Management of Measurement Constructs
Appreciating AstroChords!
This essay is partner to the current “Analytical Techniques” essay entitled How to Begin the Art. It deals with music theory for the most part, but don’t be frightened if you are not a musician … I will explain things carefully, and I think you will enjoy the experience!
The art of synthesis is the assembly of separate considerations into a meaningful whole. In astrological analysis, we take different symbols in relation to each other and relate these relationships creatively to form a significant whole-form, a Gestalt of importance. –In composing a chord musically, we are taking twelve different tones and combining them in different ways and in different positions to sound the way they should to fit into our expectation of the sound.
It is staggering to think of how this small collection of units –twelve tones—can be organized and integrated to create fresh, individualistic sounds continuously ad infinitum. But then again, we have 10 planets and two points (Ascendant and Midheaven) –twelve units—that fashion themselves throughout all time to speak individualistically.
Yes, Johannes Kepler and others [inspired by Aristotle and his “music of the spheres”] worked doggedly to fashion a parallel between astrology and musical tones. This is where the concept of “harmonic” comes from, the creation of aspects, which Kepler developed expansively from the ancient “basic” aspects.
But I want to guide us through just one arrangement of astro-sounds, one Chord, if you will, with an illustration of different points of departure, for us to appreciate how synthesis sounds in our astrology work, how analysis can be approached in order for the harmony of deduction to gel.
Orientation Find the C key around the middle of the piano keyboard (there are many Cs repeated throughout the whole keyboard, but take the one comfortably in the Middle): it is the white key just to the left of a unit of two black keys.

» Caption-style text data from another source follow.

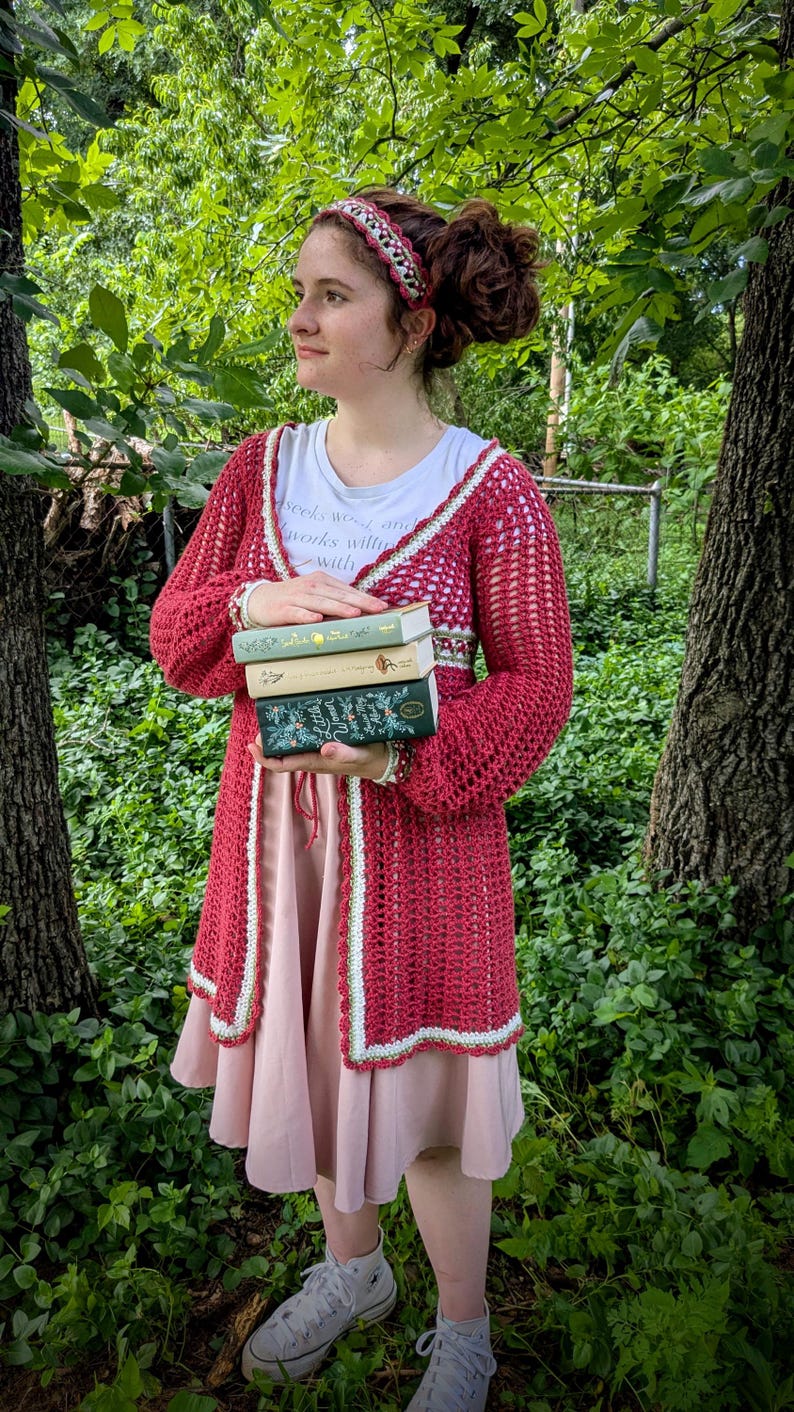 May include: A red crochet cardigan with white trim is worn over a white t-shirt and pink dress. A matching headband and a stack of books are also visible. The background is a lush green forest.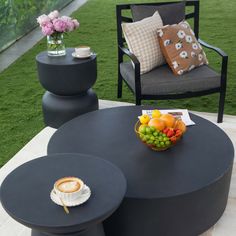 a black table with fruit on it in the middle of a lawn area next to two chairs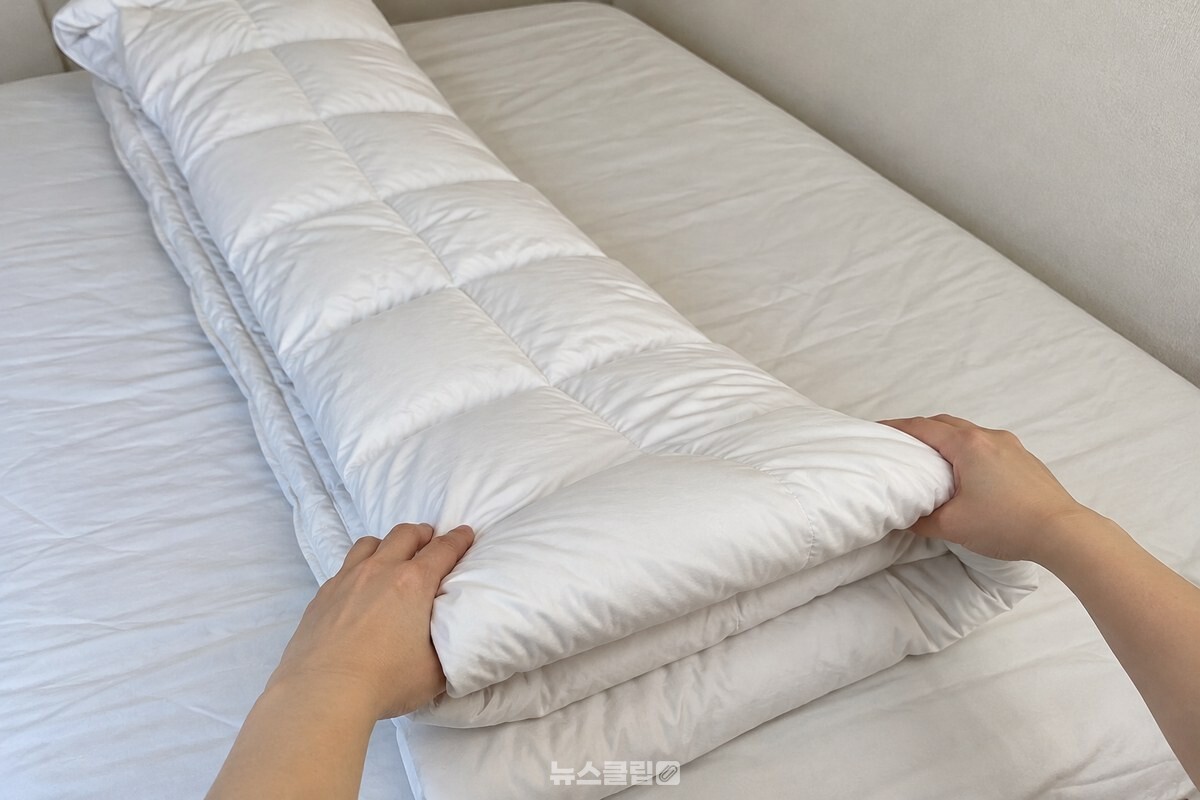 흰색 깃털 이불을 긴 띠 모양으로 접어 두툼한 사각형으로 만드는 과정. / 기사 이해를 돕기 위한 생성형 이미지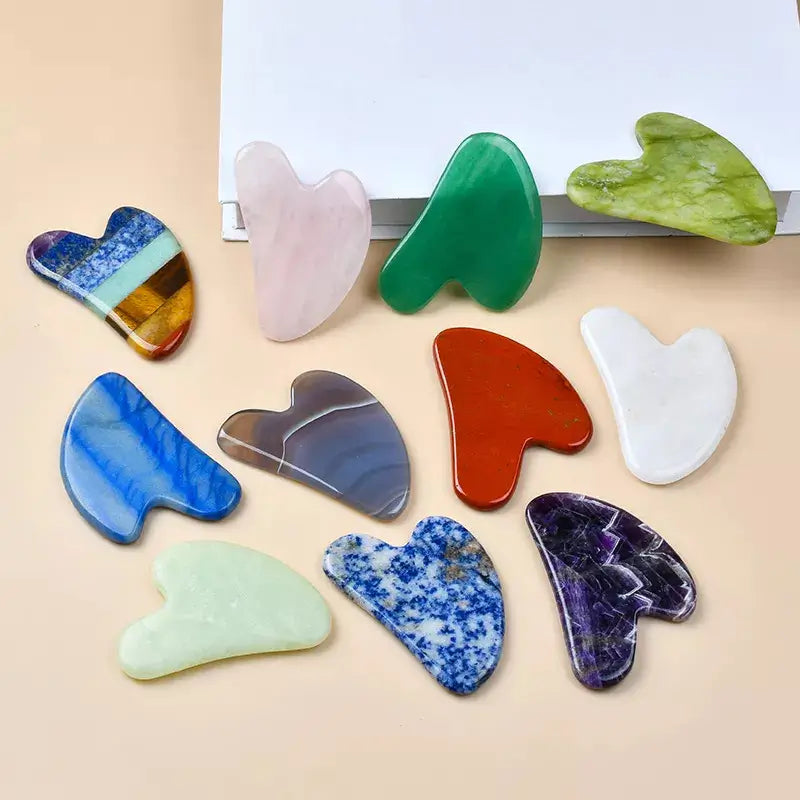 Collection of colorful gua sha tools on a beige background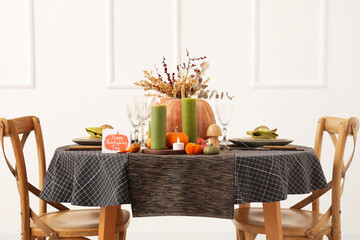 Festive table setting for Thanksgiving Day with pumpkins, greeting card and burning candles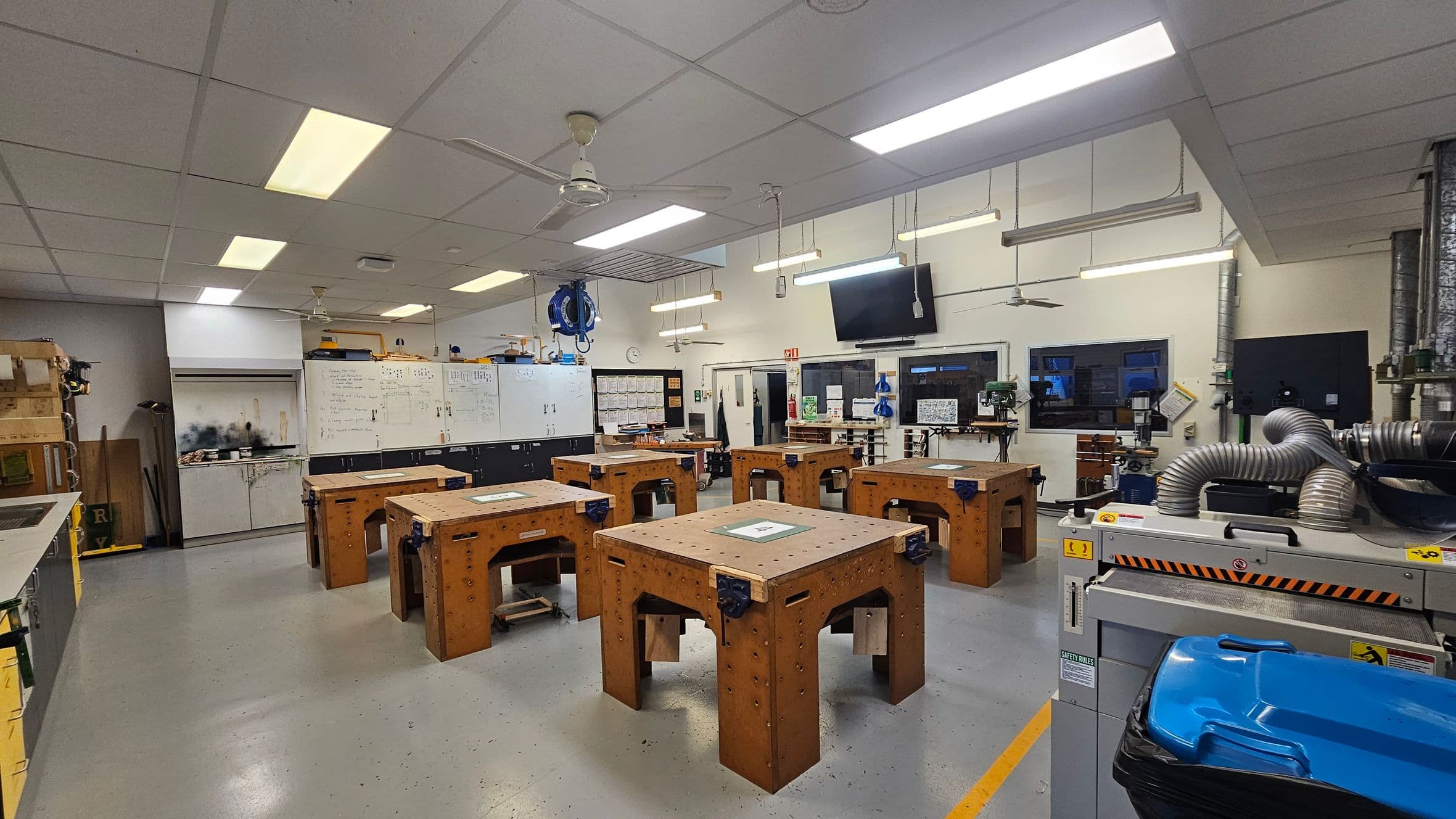 A workshop with a grey tiled floor and a white panelled ceiling. In the centre, there are several wooden workbenches with vices attached. On the left, whiteboards and storage cabinets line the wall. On the right, there are machines with flexible ducting and a blue bin. The back wall features a clock, a wall-mounted TV, and more equipment. Fluorescent lights and a ceiling fan are suspended from the ceiling.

Play this C and then play an E, which is two white keys to the right. Play them together. A nice harmonious sound, like the Sun and Moon on a great day! This is called a “third”: C is 1, the next white key to the right is 2, and the E, the next successive white key is 3.
Now, go two more white keys to the right. This is a G (it is just to the right of the first black key in the 3-blackkey group). You are adding a G to the mix!
Now play the C, E, and G together. This is called a C-Chord, a C-triad, the tonic Chord in C-major, etc. A clean, stable sound. Hear it? It has a feel to it. –You have brought together three components from among the 12 and synthesized them into a ‘nice’ unit. We must allow the editorialization; we are reacting, we are living in reaction to that particular sound. It IS nice. It IS stable.
Development and Change After you have played the C-Chord several times and identified the sound, make this change: move the second note down the tiniest bit to the adjacent black key (E-flat). NOW: play the C, the E-flat, and the G. –Only the middle note has changed every so slightly. But listen to the change in sound, the mood of the chord, the feel of the synthesis!!!!! This is called the C-minor Chord or Triad.
Amazing, the change one little shift can make, isn’t it?
NOW: go back to the initial C-Chord, C-major: C-E-G, all white keys, one white key apart. Let’s add another note, another unit in our synthesis: let’s add a B, just two white keys up from, to the right of the G you have already played. Now you have C, E, G, B, each separated from the one before by one white key. –Play all of these together!
Now you have a sound with tension, not disagreeable, but wanting to go somewhere. This is called a C-major 7th chord.
More change: take the B you have just played and move IT down a tiny bit to the left, to the black key next to it. This is B-flat. [This is the same change adjustment you did above, moving from E to E-flat]
Play this Chord together (use two hands if you need to): C, E, G, B-flat!!!! A completely different color within the synthesis! The notes are basically the same, but tiny adjustments in relation to one another create entirely different “feels”. This C-diminished 7th Chord MUST go somewhere for “safety” for security.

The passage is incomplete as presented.